Wednesday, February 13, 2002

Boy, was I one pissed puppy earlier! Before I get into it - I haven’t seen Willie again, but I saw a tall, thin white woman with that dog early one morning. It seems that the two vehicles there are a light-colored car and a light-colored van. No music yet. I figure that if they’re going to be music blasters, this weekend will be when we hear from them. By then they’ll be fairly settled and it’ll be a good time to introduce themselves to the neighborhood, knowing most people will be home. I just can’t believe we got white neighbors!!!

Now, if God would just cleanse our lives of these mother-fucking freeloaders, we’d really have it made, but of course he’d never do any such thing.

Scot woke us both up at 10:00 this morning after I’d crashed just two hours earlier. I was fuming! So furious that it took me a while to fall back asleep after we played the little game of fill out the form, and when I finally did, I slept the longest I’d slept in years. Maybe that was because I took both Melatonin and Benadryl. I expected to sleep till 6-8 PM, yet I slept till midnight.

Of course, Scot acted like he didn’t even know till today that Tom switched to nights, and I was wondering - is he really that stupid that he can’t remember shit? Or does he just not listen to people when they talk? It wasn’t just the fact that he woke us up that pissed us off, it’s the fact that he’s treating me like a common criminal. Aren’t I supposed to have written a threatening letter? Or does he think I’m this violent, dangerous psycho? He came 5 times in the 7 months of ‘01 that I was home for, yet it hasn’t even been a month and a half into ‘02 and he’s already come 3 times. He’s coming every other week now, which means I have to see his fat face every week! Well, I’m sorry, but he just doesn’t need to see me that often even if I’d written the most threatening letter in the world! That’s completely asinine, unnecessary and uncalled for, but what am I supposed to do? Contact the chief probation officer and say, “Hey, you know, one of your officers is getting a bit carried away?” Get a restraining order against the guy?

Every time I have to see him, I’m reminded of the freeloaders and what they’ve done to us.
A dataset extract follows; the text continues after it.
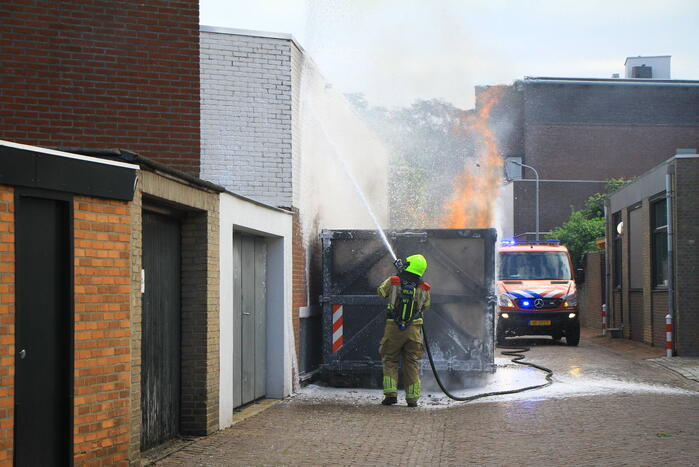 Vlammen slaan uit bouwcontainer met afval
If they had just shut up and left us alone, this never would’ve happened. All this because they just couldn’t shut the fuck up and let us be! Aaaaaaarrrrrrrgggggggghhhhhhh!!!!!!! I want to kill the mother-fuckers! Yes, you fucking black bitch, pigs, and everyone else involved in this fucking bullshit, I just made a threat.

Meanwhile, I’m sure the freeloaders aren’t losing any sleep, time or money. As always, I’m sure God’s doing all he can to protect his precious little freeloaders.

Anyway, I am so, so close to absconding. I can’t just lay back and take this shit for another year and a half! It’s not fair to me and it’s not fair to Tom. Neither of us deserves this abuse. Perhaps Scot isn’t out to literally “abuse” us, but why is he suddenly bugging us here every other week over a fucking letter? Why isn’t seeing him twice a week in town enough? Why can’t he come to the house every few months? Even just once a month would be more appropriate. Well, if he’s up to something by coming around so often all of a sudden, I’ll know it sooner or later, I’d think.